Work required — Would you reproduce exactly the lines below from the one holding "Futuna n° 341" through the one holding "América y Chivas, los", inclusive, and no others?

Material to process —
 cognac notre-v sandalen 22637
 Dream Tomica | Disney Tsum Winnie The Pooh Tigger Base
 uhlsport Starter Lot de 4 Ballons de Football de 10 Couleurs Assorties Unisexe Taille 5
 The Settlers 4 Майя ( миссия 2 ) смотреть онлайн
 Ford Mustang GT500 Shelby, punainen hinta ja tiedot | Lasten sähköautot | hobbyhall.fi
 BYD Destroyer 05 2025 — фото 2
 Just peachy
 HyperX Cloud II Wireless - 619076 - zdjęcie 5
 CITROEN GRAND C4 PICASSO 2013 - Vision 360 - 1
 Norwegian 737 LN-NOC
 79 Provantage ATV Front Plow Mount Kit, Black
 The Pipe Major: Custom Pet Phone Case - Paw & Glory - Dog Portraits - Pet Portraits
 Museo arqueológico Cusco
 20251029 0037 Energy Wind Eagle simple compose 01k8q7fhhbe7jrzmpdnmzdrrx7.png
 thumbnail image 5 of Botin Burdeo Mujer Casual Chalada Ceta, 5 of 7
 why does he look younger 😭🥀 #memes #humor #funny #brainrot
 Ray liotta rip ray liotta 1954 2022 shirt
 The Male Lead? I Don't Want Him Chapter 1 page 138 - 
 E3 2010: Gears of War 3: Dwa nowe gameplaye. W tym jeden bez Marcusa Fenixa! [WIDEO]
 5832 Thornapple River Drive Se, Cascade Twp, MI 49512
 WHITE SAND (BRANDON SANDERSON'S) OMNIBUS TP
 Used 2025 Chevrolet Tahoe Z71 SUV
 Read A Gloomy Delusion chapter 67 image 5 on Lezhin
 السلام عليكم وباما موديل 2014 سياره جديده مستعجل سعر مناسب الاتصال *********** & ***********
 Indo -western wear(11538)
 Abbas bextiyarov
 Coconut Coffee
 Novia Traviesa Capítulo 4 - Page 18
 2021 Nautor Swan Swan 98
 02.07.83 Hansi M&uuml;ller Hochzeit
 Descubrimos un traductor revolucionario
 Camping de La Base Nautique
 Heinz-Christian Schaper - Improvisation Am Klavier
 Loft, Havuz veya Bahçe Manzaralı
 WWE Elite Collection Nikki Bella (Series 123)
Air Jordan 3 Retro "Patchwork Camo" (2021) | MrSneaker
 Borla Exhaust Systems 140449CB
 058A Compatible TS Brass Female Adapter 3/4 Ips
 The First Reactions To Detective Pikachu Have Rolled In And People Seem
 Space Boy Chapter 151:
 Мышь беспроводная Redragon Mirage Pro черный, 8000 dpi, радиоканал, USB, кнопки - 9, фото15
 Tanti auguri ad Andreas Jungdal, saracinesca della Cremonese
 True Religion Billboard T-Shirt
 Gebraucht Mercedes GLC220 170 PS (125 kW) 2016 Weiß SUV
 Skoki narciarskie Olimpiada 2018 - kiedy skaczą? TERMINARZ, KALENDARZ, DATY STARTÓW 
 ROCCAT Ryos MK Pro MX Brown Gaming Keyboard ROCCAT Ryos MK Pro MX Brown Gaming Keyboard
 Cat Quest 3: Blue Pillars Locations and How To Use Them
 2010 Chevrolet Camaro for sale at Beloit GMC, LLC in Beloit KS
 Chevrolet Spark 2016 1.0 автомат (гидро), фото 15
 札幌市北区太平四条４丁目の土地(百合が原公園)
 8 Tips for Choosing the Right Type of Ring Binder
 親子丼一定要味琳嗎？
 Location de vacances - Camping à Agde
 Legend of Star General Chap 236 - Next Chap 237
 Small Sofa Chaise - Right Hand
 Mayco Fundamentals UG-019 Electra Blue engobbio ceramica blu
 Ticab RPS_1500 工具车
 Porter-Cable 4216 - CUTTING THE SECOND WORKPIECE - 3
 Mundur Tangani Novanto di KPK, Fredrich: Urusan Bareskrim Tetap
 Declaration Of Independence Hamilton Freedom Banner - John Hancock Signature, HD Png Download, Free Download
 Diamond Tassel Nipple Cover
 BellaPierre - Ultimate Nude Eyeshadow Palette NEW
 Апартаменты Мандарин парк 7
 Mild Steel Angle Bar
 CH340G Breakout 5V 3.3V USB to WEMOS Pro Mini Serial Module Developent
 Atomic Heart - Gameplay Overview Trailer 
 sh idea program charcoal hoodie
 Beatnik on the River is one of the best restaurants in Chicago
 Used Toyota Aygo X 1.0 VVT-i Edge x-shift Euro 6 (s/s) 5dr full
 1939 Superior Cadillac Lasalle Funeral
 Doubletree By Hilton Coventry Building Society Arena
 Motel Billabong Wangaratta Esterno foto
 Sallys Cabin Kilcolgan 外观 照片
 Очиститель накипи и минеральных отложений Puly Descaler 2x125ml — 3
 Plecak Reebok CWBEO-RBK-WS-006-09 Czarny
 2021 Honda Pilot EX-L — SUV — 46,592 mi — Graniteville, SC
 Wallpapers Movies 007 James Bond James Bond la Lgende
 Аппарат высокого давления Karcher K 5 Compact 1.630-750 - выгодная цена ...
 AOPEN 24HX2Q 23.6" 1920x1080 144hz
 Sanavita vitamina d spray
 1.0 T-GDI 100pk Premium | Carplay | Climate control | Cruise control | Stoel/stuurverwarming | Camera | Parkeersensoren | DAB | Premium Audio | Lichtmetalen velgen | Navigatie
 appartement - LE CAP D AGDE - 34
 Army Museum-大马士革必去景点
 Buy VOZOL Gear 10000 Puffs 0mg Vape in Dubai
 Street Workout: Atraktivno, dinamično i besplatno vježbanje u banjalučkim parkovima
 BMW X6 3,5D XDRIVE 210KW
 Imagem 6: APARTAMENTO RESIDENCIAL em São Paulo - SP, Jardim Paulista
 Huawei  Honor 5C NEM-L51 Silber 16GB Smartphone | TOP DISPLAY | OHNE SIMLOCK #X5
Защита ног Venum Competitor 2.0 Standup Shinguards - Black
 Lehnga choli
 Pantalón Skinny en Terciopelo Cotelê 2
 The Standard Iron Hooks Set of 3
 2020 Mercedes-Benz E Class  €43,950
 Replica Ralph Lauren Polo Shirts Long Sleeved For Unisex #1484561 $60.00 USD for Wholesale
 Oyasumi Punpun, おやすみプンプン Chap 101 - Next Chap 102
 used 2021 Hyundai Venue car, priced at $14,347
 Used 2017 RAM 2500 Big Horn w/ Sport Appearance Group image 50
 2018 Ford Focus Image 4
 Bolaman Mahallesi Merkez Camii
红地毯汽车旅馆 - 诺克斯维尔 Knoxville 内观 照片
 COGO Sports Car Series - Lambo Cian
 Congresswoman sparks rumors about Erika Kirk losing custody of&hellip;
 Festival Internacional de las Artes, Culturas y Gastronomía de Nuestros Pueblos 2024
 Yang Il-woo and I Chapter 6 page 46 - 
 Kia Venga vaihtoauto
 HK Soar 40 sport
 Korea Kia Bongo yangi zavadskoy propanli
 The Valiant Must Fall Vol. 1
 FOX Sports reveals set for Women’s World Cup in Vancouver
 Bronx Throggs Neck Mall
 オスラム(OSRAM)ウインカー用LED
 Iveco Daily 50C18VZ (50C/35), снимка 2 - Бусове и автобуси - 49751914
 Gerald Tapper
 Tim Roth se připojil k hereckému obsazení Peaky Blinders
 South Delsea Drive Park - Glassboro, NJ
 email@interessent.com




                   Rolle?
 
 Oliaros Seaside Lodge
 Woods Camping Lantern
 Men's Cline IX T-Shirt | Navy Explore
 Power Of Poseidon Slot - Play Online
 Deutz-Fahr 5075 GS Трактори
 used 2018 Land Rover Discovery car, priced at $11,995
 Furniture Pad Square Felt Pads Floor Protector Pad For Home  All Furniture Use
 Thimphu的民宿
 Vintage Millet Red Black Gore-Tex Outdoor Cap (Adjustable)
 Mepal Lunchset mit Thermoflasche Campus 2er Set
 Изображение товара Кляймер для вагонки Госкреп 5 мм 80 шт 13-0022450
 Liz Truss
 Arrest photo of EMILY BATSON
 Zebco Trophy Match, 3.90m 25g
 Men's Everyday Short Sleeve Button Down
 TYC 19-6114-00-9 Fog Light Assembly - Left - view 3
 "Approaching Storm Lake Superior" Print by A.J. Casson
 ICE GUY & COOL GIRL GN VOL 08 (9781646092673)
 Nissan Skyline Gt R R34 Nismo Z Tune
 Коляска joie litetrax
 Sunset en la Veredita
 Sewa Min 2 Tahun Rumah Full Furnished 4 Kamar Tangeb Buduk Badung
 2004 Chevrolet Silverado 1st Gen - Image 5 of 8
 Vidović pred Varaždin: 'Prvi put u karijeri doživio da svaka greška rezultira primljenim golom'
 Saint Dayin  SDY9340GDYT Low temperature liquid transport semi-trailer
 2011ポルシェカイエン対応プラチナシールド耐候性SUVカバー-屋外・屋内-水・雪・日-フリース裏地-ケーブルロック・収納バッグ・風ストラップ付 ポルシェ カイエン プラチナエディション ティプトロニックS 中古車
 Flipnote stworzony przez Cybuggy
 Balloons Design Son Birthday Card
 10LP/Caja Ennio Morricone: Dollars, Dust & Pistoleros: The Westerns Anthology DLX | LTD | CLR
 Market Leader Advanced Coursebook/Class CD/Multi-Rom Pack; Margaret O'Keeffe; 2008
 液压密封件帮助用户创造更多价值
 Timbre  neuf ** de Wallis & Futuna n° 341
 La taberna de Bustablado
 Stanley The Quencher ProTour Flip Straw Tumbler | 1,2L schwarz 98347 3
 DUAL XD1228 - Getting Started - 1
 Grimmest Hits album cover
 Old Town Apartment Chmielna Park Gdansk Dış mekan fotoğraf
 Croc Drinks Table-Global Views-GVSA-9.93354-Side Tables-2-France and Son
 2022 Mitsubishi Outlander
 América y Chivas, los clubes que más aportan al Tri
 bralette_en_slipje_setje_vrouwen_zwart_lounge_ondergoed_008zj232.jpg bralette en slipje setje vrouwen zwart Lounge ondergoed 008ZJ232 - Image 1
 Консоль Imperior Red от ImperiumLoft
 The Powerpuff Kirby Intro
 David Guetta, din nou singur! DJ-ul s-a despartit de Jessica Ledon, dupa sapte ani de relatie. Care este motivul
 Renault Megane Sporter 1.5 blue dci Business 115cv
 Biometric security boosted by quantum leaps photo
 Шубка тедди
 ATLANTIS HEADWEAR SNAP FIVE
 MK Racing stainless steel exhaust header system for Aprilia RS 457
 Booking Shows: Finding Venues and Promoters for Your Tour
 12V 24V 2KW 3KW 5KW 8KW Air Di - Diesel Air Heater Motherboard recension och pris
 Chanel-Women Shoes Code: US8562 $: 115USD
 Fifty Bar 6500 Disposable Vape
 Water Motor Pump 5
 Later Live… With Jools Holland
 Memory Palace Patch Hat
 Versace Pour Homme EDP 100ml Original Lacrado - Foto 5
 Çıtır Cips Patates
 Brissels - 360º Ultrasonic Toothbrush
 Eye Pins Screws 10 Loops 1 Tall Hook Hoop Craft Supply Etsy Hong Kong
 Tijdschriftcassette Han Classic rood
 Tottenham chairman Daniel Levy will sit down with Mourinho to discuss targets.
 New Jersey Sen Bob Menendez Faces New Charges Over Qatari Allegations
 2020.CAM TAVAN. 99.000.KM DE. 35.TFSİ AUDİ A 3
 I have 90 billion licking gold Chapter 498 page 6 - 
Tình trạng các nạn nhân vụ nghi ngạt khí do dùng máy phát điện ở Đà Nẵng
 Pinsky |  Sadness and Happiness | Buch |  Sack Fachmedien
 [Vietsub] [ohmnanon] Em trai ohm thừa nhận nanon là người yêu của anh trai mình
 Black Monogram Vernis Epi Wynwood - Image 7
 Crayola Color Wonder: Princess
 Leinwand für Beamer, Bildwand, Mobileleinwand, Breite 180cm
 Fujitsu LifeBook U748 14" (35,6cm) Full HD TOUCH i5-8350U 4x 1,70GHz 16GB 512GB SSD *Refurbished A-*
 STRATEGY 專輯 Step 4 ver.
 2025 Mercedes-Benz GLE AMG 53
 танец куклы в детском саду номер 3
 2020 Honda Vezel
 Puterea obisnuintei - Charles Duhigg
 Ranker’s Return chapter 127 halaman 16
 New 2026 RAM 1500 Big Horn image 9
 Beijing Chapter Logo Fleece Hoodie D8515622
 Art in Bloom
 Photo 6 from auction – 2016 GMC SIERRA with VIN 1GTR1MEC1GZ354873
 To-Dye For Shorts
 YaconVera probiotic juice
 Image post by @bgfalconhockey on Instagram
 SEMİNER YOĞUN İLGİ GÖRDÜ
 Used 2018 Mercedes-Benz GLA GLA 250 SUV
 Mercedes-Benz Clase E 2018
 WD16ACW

Answer space —
 Timbre  neuf ** de Wallis & Futuna n° 341
 La taberna de Bustablado
 Stanley The Quencher ProTour Flip Straw Tumbler | 1,2L schwarz 98347 3
 DUAL XD1228 - Getting Started - 1
 Grimmest Hits album cover
 Old Town Apartment Chmielna Park Gdansk Dış mekan fotoğraf
 Croc Drinks Table-Global Views-GVSA-9.93354-Side Tables-2-France and Son
 2022 Mitsubishi Outlander
 América y Chivas, los clubes que más aportan al Tri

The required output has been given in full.